New option for the specification of hostfile for sos run and sos execute

BoPeng opened this issue 5 years ago · comments

It appears clear that a hostfile is needed for multi-node execution. Although a host file can be automatically generated by PBS systems, and be picked up automatically by commands such as sos execute and sos run, it is necessary to allow this option so that users can specify it manually to allow multi-node execution of workflows and tasks.

This option should work like this:

Without it, everything is run locally.
With it, it should be a name to a host file, similar to the --hostfile option of SCOOP, with a similar or identical format. The workers will be created on these hosts.
Under a cluster system with appropriate environmental variables, the hostfiles will be picked up automatically, similar to what SCOOP is doing

The problem is that sos run does not support -- options so we will have to reuse an existing option or find another option.

Once this option is specified, users can use

sos run -j hostfile

to run work flow on multiple hosts.

Use

%PBS ...
sos run workflow

to run entire workflow on a cluster system.

The same mechanism will be used for the execution of tasks, something like

%PBS
sos execute task

Bo · Answer 1 · Sun Jul 28 2019 22:27:11 GMT+0800 (China Standard Time)

We could reuse -j and say

-j 4 is 4 processes at local host
-j 4 some_machine:4 is 4 at localhost and 4 on some_machine
-j @file

For the last usage, we do not have to say it is a file, rather the use of @ syntax from the fromfile_prefix_chars syntax from argparse.

gaow · Answer 2 · Mon Jul 29 2019 00:55:59 GMT+0800 (China Standard Time)

This interface reads intuitive. Not sure if I understand 2: when running remote tasks, -j option specifies the resource needed to manage the remote tasks on the machine the tasks are submitted. Not sure why 2 is necessary -- dont we always manage it from localhost?

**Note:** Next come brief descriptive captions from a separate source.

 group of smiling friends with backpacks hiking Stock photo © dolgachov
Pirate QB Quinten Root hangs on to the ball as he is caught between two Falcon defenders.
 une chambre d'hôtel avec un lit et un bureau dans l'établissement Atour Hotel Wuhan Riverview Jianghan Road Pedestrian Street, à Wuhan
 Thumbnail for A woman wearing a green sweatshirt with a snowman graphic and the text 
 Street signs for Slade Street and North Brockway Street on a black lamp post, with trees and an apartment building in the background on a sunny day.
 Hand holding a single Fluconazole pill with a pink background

Bo · Answer 3 · Mon Jul 29 2019 01:17:36 GMT+0800 (China Standard Time)

This interface mimics the execution model of SCOOP, namely the non-cluster multi-node execution of workflows. It is added because PBS systems generate node files (albeit different formats) to specify the nodes for the execution of things on cluster, and sos is supposed to read the node files and start workers on remote nodes.

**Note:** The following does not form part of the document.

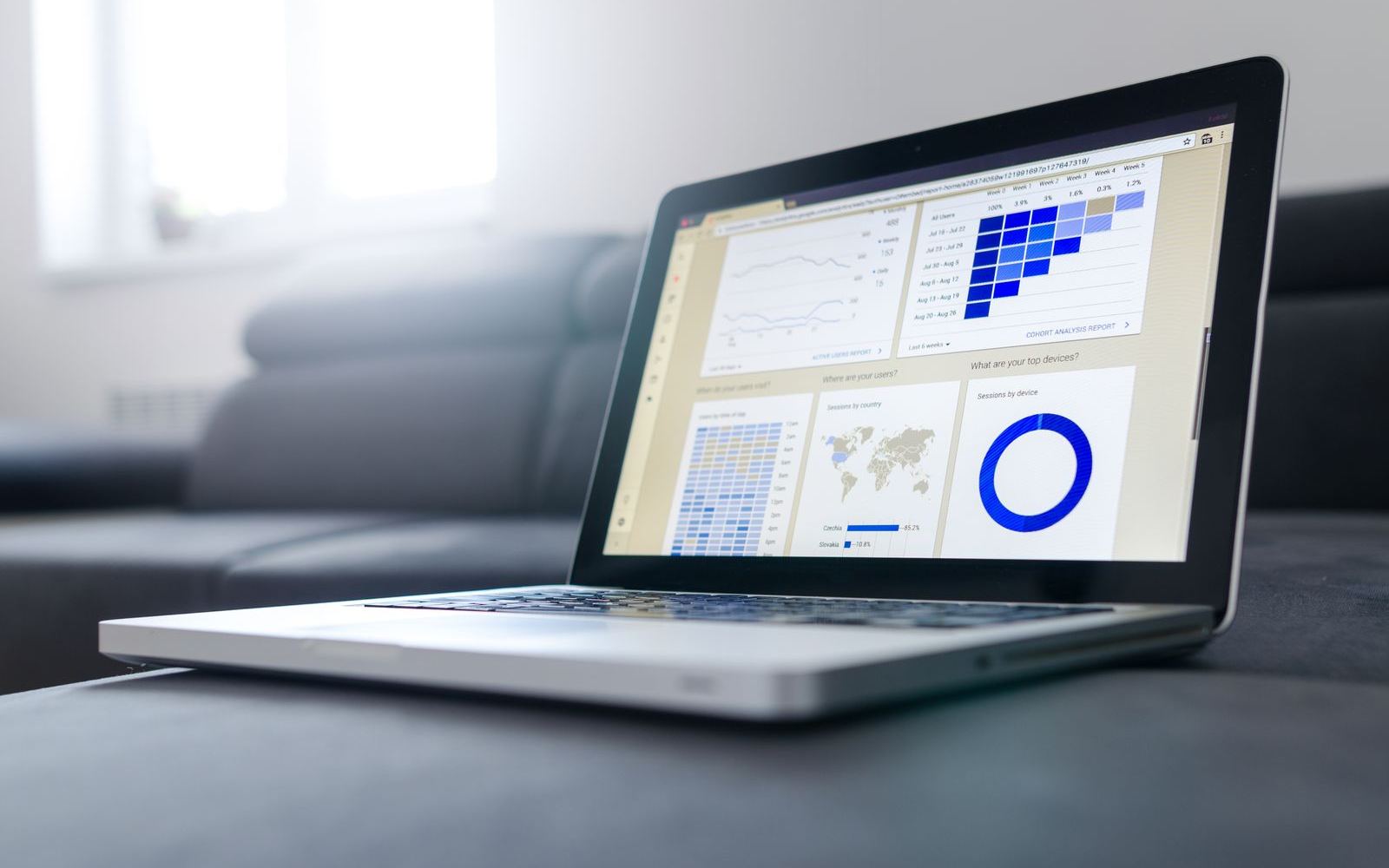 A laptop displaying an analytics dashboard with charts and a progress ring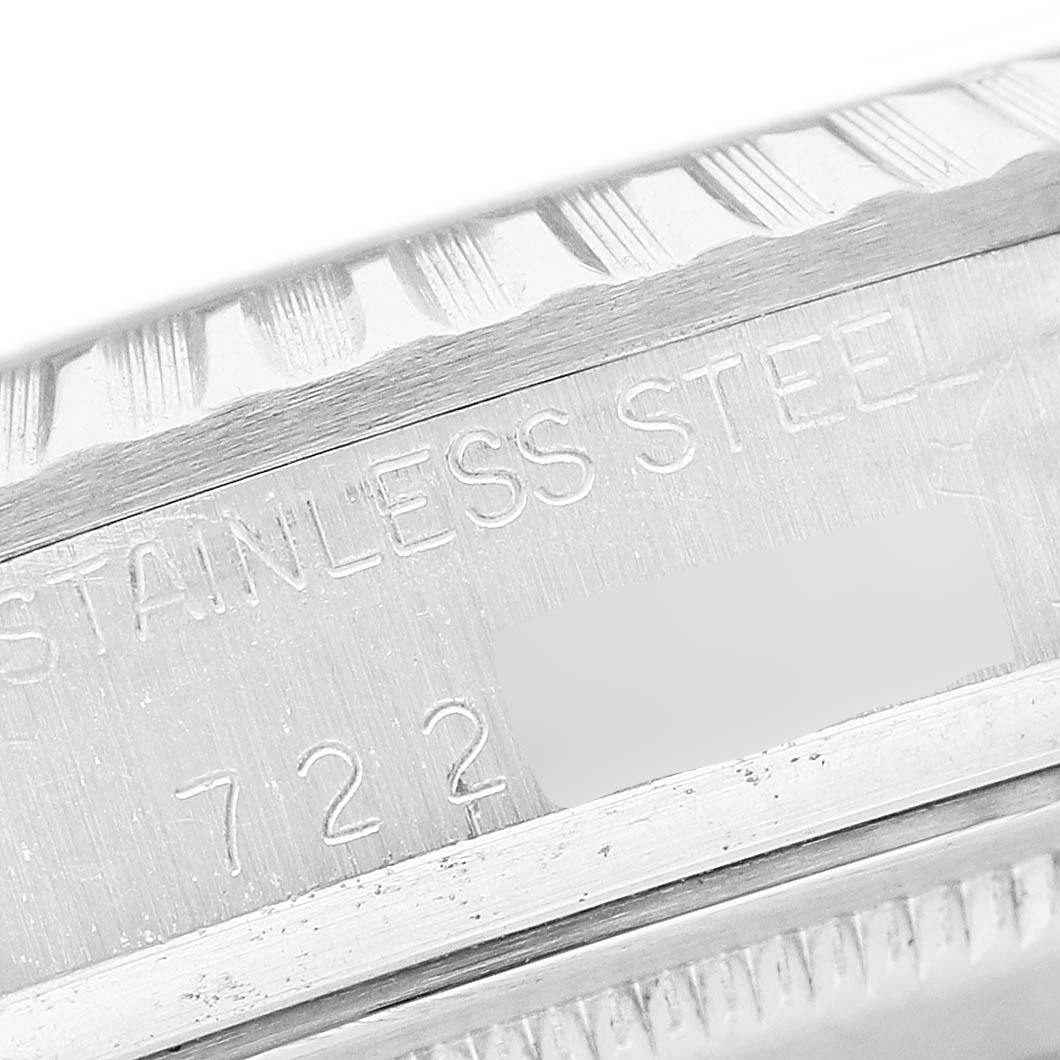 The image shows a close-up of the stainless steel part of a Rolex Datejust 16030 Men's Stainless Steel Silver Dial watch with engraved text.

That means there is no need to differentiate cluster and non-cluster multi-node execution, and we can say

-j 4 is the same as -j localhost:4 for local execution with specified number of workers
-j node1 node2 node3 starts workers on node1, node2, and node3, utilizing default number of workers depending on cores of workers.
-j node1:4 node3:4 node3:4 specifies number of worker processes on each node.
-j @file uses parameters in file.
without -j, we make use of something like ncores/2 (we have a more complex formula) processes on local host. And we use nodes specified in nodefile specified by PBS system if we are on a cluster system.

In all cases, the first node should be the "master" when the master process will be executed.

Now, this option will be used by both sos run and sos execute

sos run script -j node1 node2

to execute the entire workflow on multiple nodes. We can also put this in a PBS system, then the syntax would mostly like

%PBS nodes=5:ppn=5
sos run -q none

when nodefile is used implicitly.

The -j option for sos execute should mostly be kept unknown (for debug purpose perhaps), and be used as

%PBS nodes=5:ppn=5
sos execute task_id

to execute single multi-node task, or single multi-task master task.